Requirement ▸ Give all of the data below again exactly, and drop the images.

Information provided ▸
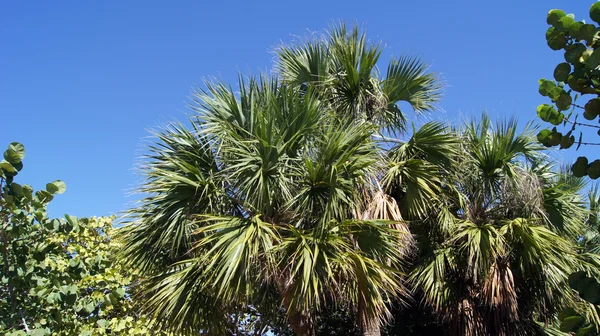 Takken van palmbomen tegen de blauwe hemel — Stockfoto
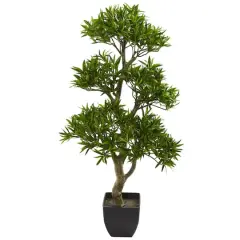 3ft. Potted Plum Pine Bonsai Styled Tree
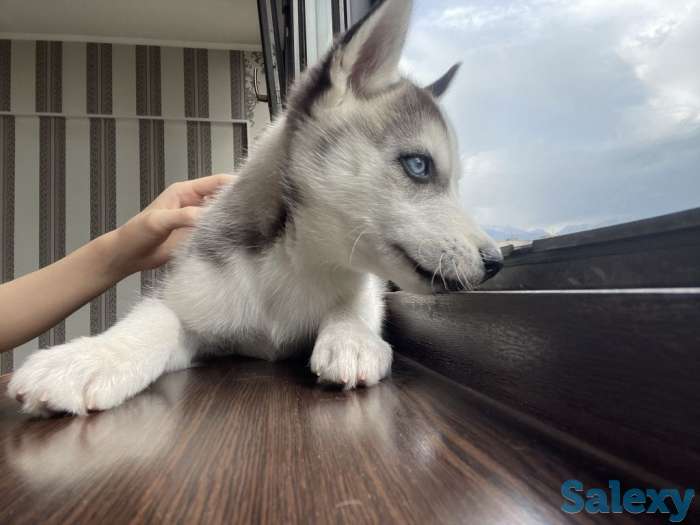 Щенок Хаски 2мес, фотография 5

Response to the exercise ▸
 Takken van palmbomen tegen de blauwe hemel — Stockfoto
 3ft. Potted Plum Pine Bonsai Styled Tree
 Щенок Хаски 2мес, фотография 5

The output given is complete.